Speculated as being Jisoo a-Go-Go on Soi 15 – the former Shark before it relocated to the main Walking Street – the bar is described as fully staffed and offered as a turnkey operation, with the sale including the company structure.
Monthly rent is listed at 100,000 baht, with key money set at 2.5 million baht every three years. The current lease reportedly has about 2.5 years remaining.
Transfer costs are to be split 50–50 between buyer and seller, and the owners say no agents are involved.
Jisoo has been on the market since before Pattaya high season began, with owners even offering it back to the Shark group. Another Walking Street bar owner who inquired about buying it quoted a price of 10 million baht.
It’s now 6 million. Must not have been many takers at that price.
More Walking Dead
Soi 15 isn’t the only place to find the Walking Dead this Pattaya high season. In Walking Street’s southern end, deep into so-called “Indian Territory”, sit the shuttered Peppermint, a Pattaya institution that has been closed since April when the Korean boss stiffed the staff of their salaries and did a runner.
Dave Rave news reported in June then that a Filipino man had taken over the property and was renovating it, with the goal of reopening it as the Wolf Club this Pattaya high season.
Pattaya high season full moons have come and gone, but there’s been no howling from the Peppermint site.
Interesting, while the Peppermint brand certainly is done, the building still may one day host a go-go bar again. Why? There’s no “for sale” or “for rent” sign on the building, leading many to believe the Filipino still owns the bar.
Let’s Hit the Beach
Finally, it’s time to hit the beach on Soi Cowboy this weekend. What? You say there’s no beachfront properly on the Neon Alley?

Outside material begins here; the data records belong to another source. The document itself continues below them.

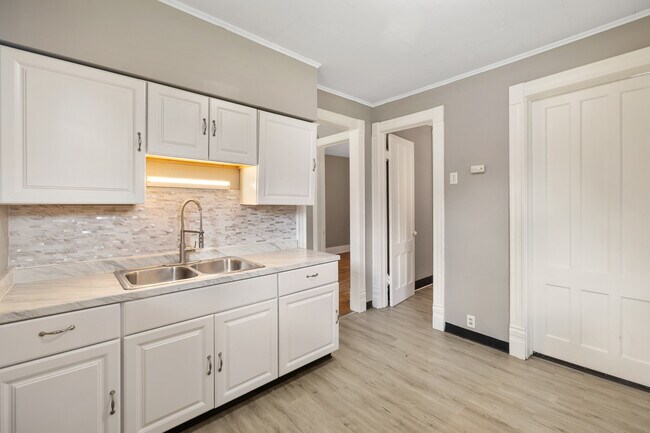 Cocina - 115 E Yates St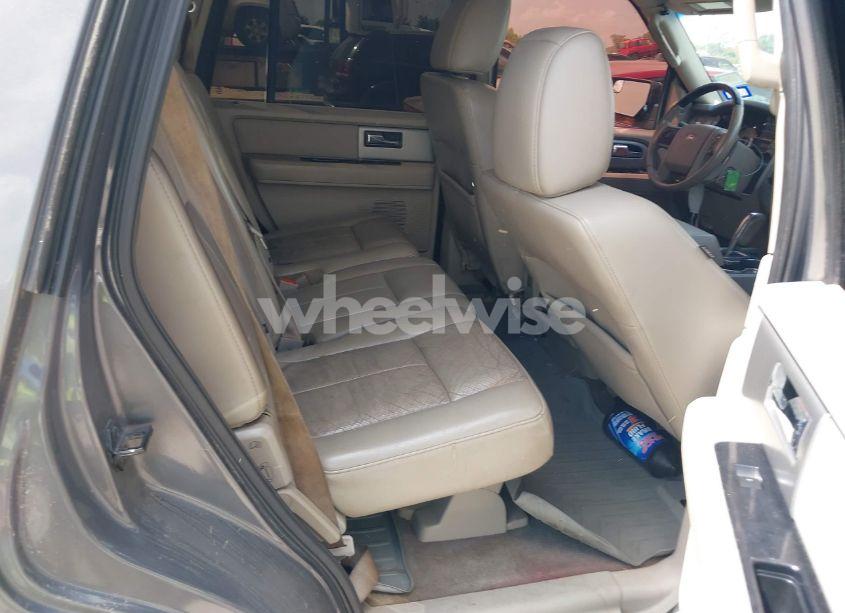 Photo 8 of 2014 Ford Expedition LIMITED (VIN 1FMJU1K50EEF46133)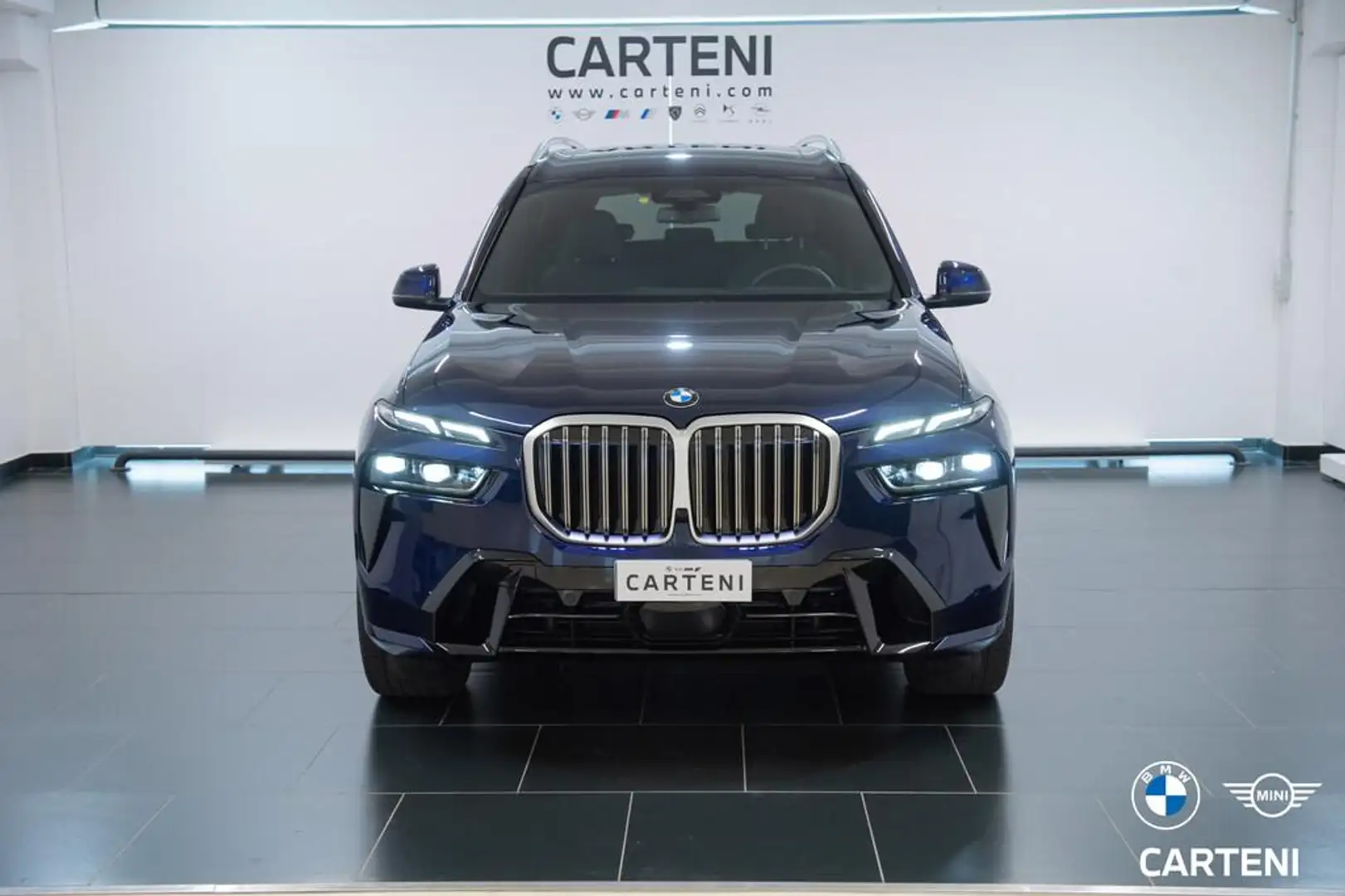 BMW X7 xdrive 40d 48V MSport Pro auto 7p.ti Blu/Azzurro - 2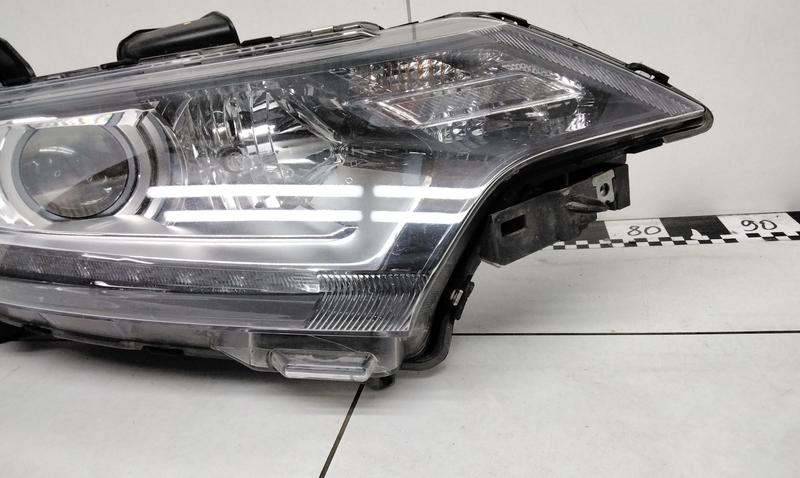 Фара передняя правая Mitsubishi Outlander 3 Restail 2 галоген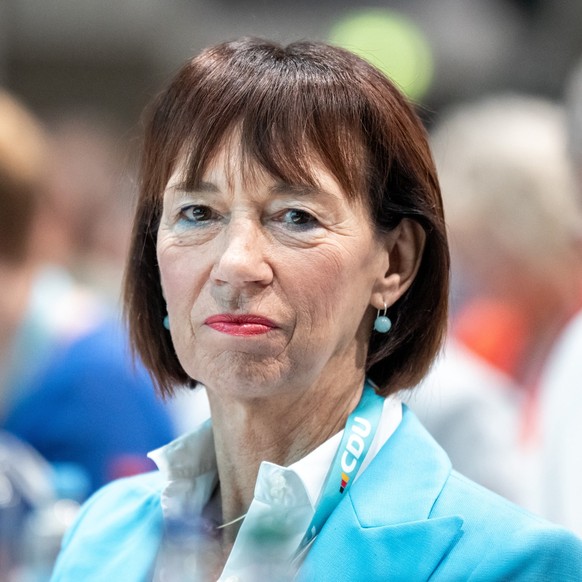 ARCHIV - 06.05.2024, Berlin: Charlotte Merz, Ehefrau vom CDU Bundesvorsitzenden Merz, verfolgt den CDU-Bundesparteitag. (zu dpa: «Merz, Paluch oder Ernst: Wer wird die nächste Kanzlergattin?») Foto: M ...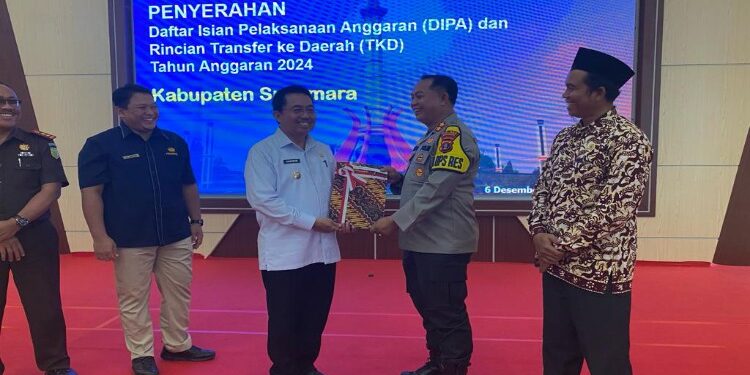 FOTO: AKH/MATAKALTENG - Pj Bupati Sukamara Kaspinor saat menyerahkan DIPA ke Kapolres Sukamara AKBP Dewa Made Palguna.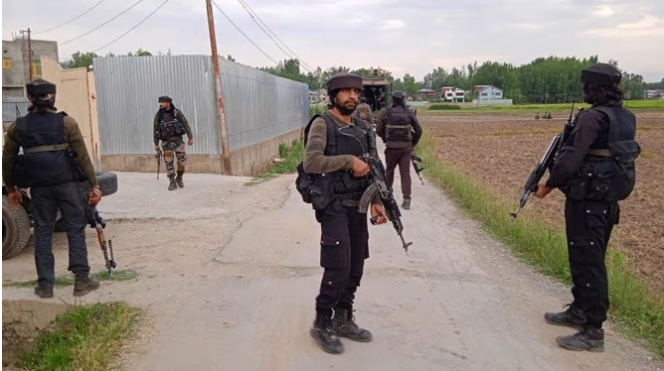 pir_panjal's tweet photo. JAMMU;Two terrorists have been killed in an encounter between security forces and terrorists in Pulwama. Both the terrorists were involved in the killing of unarmed policeman Riyaz Ahmed on May 13 #IndianArmyPeoplesArmy #daterush #sidhumoosewala #GujaratTitans #HalaMadrid #Monac https://t.co/WmN2eQkoGA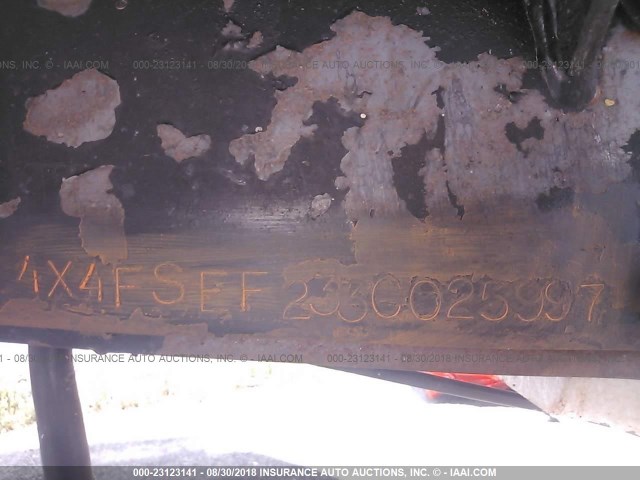 4X4FSEF233C025997 - 2003 FOREST RIVER OTHER  白色 照片 9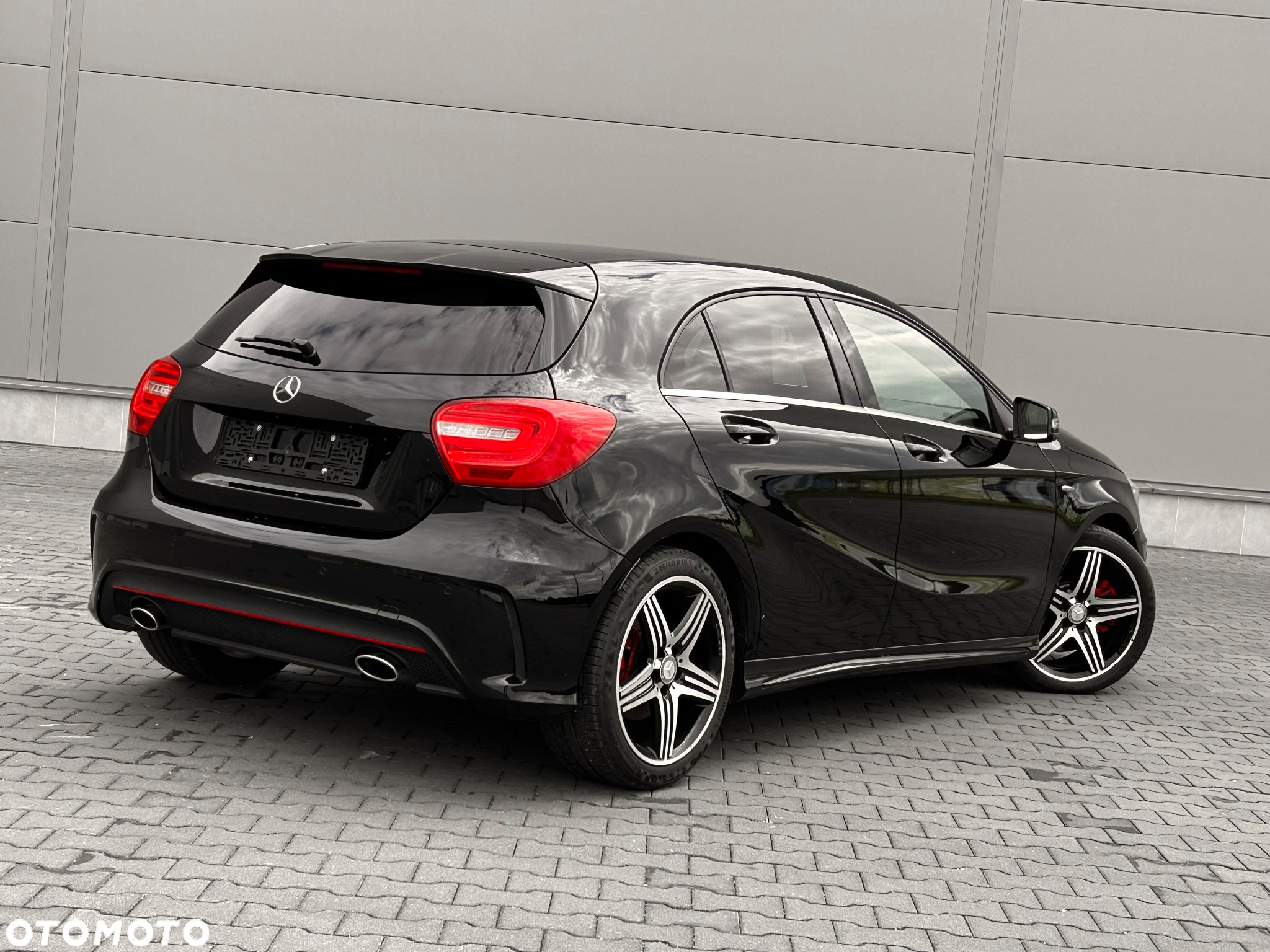 Mercedes-Benz Klasa A 250 (BlueEFFICIENCY) 7G-DCT AMG Sport - 6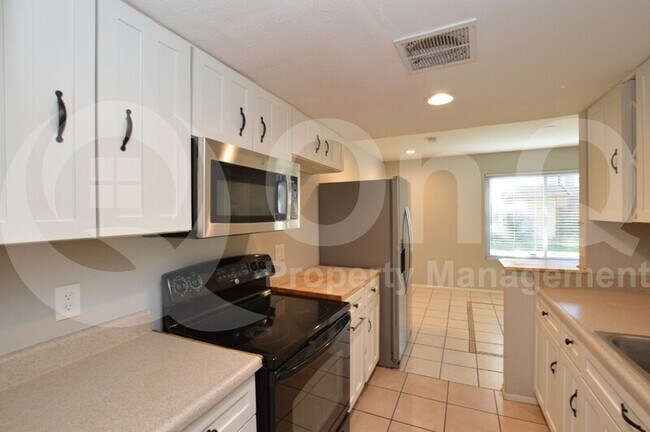 Building Photo - 7126 N 19th Ave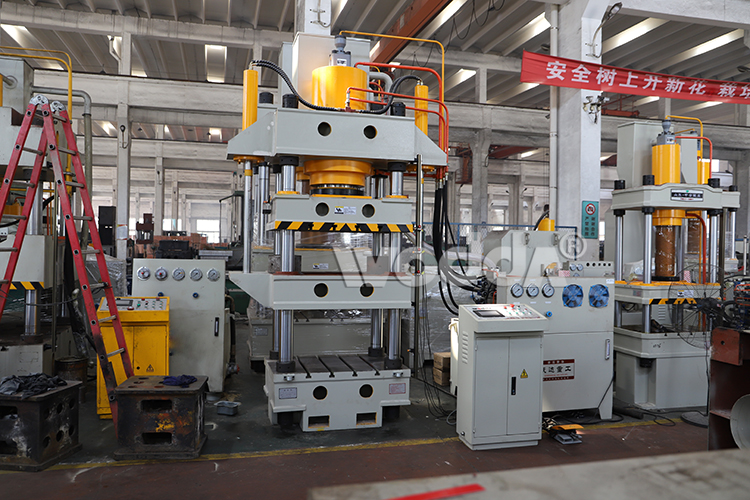 四柱液壓機(jī) 四柱液壓機(jī)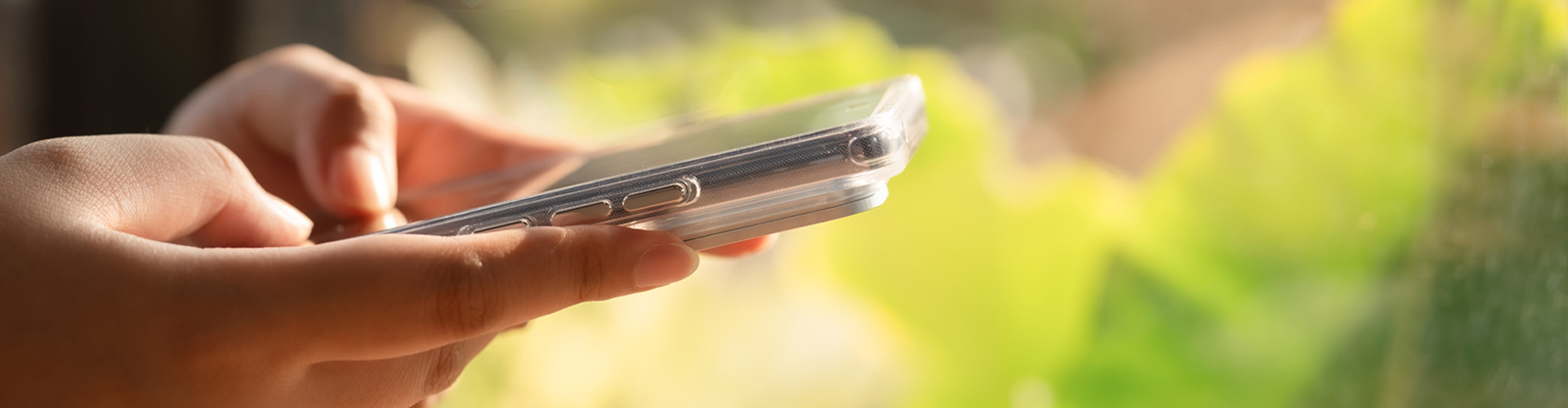 Bäcker Verkaufsstand mit Heimatkaufen-Karte neben EC-Gerät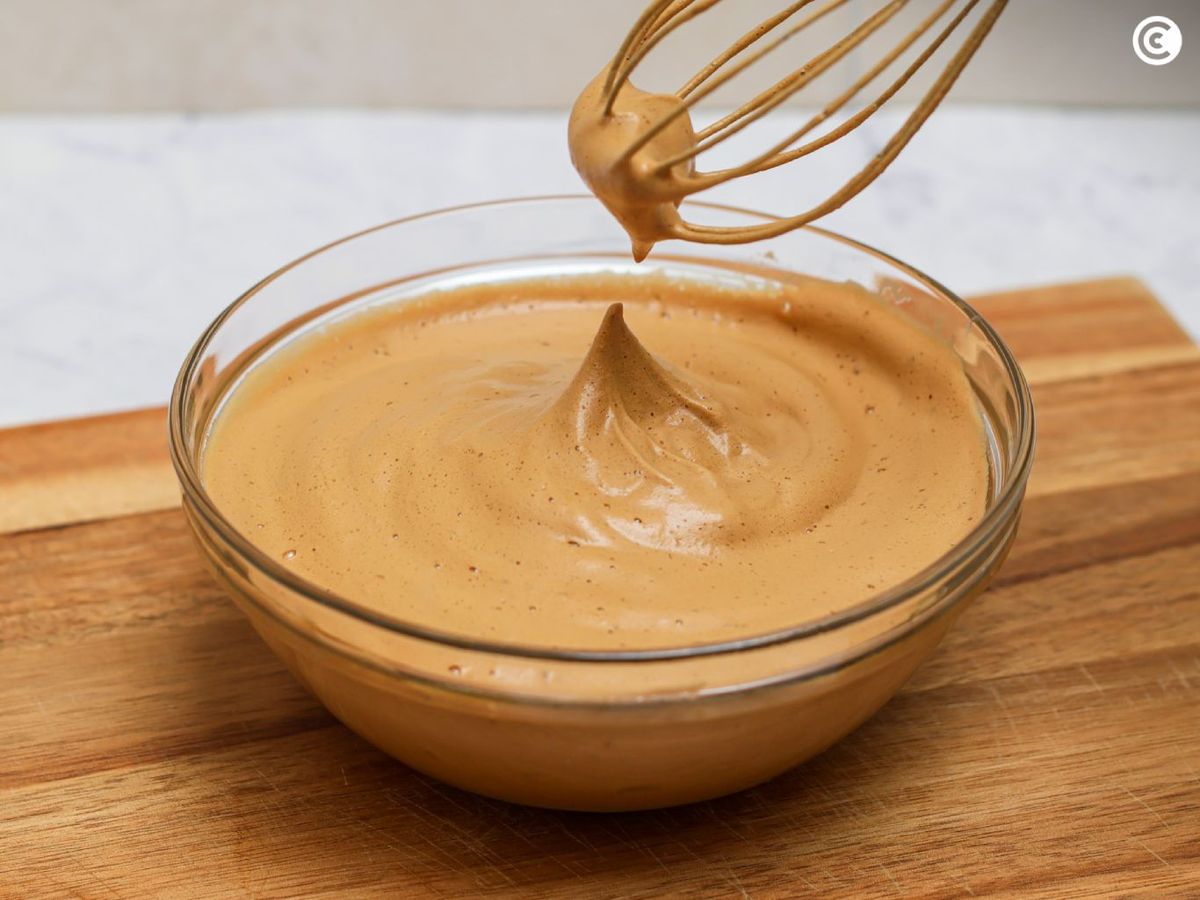 Batir la crema de café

Well, the next closest thing will be at Vicky’s Secret on Saturday for their latest party.
The Vicky’s Beach party starts at 9 p.m. on Jan. 17 with happy hour prices all night and free shots for all.
Grab your beach gear, bring your crew and make some waves.
Bad Guys Go to Pattaya
For years, the sign atop King Café (and later Folk) on Walking Street carried Pattaya’s most famous slogan: “Good guys go to heaven, bad guys go to Pattaya”.
Alas, like so many Pattaya landmarks of yore, the sign is no more. Folk, which took over from King Café, closed last year and this Pattaya high season has been replaced by the Pattaya Beach Club. There’s no marquee above seating anymore, only a boring LED panel. You’ll just have a settle for a t-shirt now.